With respect to Counts 1 and 2 (committed in September-October 2010 and October-November 2010), the maximum penalty was five years' imprisonment. With respect to Counts 3 and 4 (both committed in June-July 2011), the maximum penalty for this crime had been increased by the Commonwealth Parliament to imprisonment for 10 years.
On Counts 1 and 2, the Applicant was sentenced to concurrent terms of imprisonment of nine months, commencing on 8 August 2013 and expiring on 7 May 2014. On Counts 3 and 4, the Applicant was sentenced to concurrent terms of imprisonment of one year and eight months, commencing on 8 November 2013 and expiring on 7 July 2015.
As against a total effective head sentence of one year and 11 months, his Honour directed the release of the Applicant after 14 months on 8 October 2014, conditional upon the Applicant entering a recognisance in the sum of $500.00 to be of good behaviour for the balance of the sentence.
On 8 August 2013, the Applicant filed a Notice of Intention to Apply for Leave to Appeal against sentence to the Court of Criminal Appeal. On the same day, a bail application was lodged in this Court.
On 8 October 2013, the Applicant filed in the Court of Criminal Appeal a Notice of Application for Leave to Appeal against sentence, together with grounds of appeal and submissions in support of the grounds.
The appeal is listed in the call-over list of the Registrar of the Court of Criminal Appeal on 24 October 2013.

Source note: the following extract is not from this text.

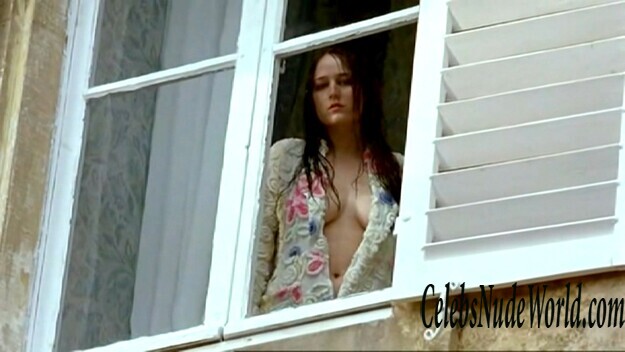 Leelee Sobieski boobs mix 226723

The Applicant's bail application proceeded to hearing in the Bails List before me yesterday. I reserved my decision until today. At yesterday's hearing, Mr Thangaraj SC appeared for the Applicant, and Mr Michael McHugh SC appeared for the Crown.
As the Applicant seeks bail for the purpose of an appeal to the Court of Criminal Appeal, s.30AA Bail Act 1978 applies. The Applicant is not to be granted bail unless special or exceptional circumstances are established.
The application for leave to appeal in this case relates to sentence only.
The proper construction and application of s.30AA has been considered in a number of decisions in this State. They are summarised helpfully in the decisions of Basten JA in Director of Public Prosecutions (Cth) v Cassaniti [2006] NSWSC 1103 ("Cassaniti") at [16]ff, and of Hall J in Lee v R [2012] NSWSC 1168 at [61]ff.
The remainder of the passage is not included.